*** DATA LISTING Section Begins ***

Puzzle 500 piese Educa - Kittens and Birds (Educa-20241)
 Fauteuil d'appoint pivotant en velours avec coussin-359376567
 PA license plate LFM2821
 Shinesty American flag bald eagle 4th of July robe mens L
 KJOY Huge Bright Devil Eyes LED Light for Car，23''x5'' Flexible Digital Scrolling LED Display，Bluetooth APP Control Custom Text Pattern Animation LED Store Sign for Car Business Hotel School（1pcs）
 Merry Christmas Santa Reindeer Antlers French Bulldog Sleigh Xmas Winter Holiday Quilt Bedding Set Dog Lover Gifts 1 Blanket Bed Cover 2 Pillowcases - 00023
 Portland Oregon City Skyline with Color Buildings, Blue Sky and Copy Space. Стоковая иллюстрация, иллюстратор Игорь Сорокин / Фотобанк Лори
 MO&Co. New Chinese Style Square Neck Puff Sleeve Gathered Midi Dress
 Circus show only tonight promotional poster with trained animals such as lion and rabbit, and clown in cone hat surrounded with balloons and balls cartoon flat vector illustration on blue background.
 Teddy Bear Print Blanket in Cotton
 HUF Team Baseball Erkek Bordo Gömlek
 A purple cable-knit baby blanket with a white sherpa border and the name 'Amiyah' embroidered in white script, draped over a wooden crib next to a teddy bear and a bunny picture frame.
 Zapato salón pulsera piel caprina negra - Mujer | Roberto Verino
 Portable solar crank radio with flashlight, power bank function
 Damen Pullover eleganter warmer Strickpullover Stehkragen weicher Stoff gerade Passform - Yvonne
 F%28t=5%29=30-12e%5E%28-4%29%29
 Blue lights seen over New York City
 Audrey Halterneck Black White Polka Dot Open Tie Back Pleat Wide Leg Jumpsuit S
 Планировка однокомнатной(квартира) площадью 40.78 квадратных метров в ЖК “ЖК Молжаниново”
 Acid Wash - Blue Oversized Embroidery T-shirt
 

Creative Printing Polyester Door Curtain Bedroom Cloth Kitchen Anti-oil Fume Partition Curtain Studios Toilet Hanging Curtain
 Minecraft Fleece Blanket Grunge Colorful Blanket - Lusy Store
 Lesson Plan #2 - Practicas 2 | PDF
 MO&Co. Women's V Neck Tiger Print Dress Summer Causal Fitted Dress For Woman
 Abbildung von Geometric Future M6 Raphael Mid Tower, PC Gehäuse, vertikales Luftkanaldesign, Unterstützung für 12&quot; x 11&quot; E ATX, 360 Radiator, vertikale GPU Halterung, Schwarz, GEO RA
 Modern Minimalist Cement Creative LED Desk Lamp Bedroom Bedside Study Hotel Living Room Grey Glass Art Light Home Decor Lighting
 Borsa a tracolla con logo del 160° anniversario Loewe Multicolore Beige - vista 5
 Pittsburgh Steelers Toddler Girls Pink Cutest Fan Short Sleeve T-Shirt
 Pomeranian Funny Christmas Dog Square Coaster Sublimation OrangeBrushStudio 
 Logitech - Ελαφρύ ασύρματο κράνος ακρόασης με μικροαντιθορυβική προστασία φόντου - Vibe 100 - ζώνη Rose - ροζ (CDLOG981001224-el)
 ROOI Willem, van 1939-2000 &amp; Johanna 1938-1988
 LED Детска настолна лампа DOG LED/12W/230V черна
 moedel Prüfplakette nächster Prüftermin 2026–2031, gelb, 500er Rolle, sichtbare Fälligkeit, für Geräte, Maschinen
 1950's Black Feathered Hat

*** DATA LISTING Section Ends ***

Using the entries above, return each line that includes the word "Black".

 Audrey Halterneck Black White Polka Dot Open Tie Back Pleat Wide Leg Jumpsuit S
 1950's Black Feathered Hat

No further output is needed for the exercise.